··· Supplied records
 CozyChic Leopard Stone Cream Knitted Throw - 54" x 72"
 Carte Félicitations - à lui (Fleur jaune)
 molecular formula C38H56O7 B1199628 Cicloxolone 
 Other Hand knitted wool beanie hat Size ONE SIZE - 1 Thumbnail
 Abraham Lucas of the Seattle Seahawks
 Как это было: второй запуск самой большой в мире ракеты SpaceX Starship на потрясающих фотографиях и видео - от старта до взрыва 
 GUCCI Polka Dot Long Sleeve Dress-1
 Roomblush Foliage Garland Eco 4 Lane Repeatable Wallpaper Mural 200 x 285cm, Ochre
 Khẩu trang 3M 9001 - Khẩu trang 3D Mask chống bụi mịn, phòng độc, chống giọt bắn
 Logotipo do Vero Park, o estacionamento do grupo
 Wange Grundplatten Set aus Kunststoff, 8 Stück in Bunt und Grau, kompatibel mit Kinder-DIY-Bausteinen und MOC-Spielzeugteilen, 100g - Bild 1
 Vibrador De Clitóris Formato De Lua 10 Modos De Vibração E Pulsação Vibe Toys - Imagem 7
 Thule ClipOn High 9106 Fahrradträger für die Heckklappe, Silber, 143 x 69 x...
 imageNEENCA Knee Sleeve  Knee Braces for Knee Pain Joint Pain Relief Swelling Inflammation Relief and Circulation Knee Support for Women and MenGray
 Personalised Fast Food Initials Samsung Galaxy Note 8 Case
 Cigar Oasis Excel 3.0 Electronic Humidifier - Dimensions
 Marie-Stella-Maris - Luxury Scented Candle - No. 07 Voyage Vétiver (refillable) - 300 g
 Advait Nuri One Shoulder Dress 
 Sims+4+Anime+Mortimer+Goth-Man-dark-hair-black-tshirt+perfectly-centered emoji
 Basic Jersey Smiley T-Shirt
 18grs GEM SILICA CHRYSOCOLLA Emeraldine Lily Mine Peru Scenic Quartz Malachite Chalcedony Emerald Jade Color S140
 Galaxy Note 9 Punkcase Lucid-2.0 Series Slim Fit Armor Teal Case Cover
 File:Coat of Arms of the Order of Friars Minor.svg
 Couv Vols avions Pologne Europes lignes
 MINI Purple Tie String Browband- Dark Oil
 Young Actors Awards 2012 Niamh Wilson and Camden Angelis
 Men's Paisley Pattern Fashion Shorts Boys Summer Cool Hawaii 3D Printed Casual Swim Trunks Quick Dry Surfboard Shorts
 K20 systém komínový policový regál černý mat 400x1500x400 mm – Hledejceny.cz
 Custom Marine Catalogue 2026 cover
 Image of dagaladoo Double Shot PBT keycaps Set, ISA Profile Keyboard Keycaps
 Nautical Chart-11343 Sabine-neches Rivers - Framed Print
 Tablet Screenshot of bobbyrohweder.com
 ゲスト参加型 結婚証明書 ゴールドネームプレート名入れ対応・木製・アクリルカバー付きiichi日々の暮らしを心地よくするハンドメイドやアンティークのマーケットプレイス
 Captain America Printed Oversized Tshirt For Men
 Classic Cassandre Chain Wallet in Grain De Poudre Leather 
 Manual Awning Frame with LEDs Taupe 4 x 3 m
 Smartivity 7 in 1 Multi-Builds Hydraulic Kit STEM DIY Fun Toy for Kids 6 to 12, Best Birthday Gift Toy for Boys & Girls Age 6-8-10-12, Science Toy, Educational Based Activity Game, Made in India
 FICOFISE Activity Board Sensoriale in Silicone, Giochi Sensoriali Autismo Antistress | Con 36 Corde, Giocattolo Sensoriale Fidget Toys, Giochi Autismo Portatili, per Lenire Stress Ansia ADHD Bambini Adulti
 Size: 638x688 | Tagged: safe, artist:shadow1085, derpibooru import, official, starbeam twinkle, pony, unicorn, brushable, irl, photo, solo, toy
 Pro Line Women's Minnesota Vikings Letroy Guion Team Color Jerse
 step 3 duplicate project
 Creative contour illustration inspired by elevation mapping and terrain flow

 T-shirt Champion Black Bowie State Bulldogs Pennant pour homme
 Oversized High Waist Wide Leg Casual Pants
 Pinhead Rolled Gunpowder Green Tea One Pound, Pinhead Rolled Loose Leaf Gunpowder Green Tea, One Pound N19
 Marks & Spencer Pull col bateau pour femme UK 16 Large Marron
······
Task to complete =
Return, in full, every line of these entries that holds "Color".

Reply to the exercise =
 18grs GEM SILICA CHRYSOCOLLA Emeraldine Lily Mine Peru Scenic Quartz Malachite Chalcedony Emerald Jade Color S140
 Pro Line Women's Minnesota Vikings Letroy Guion Team Color Jerse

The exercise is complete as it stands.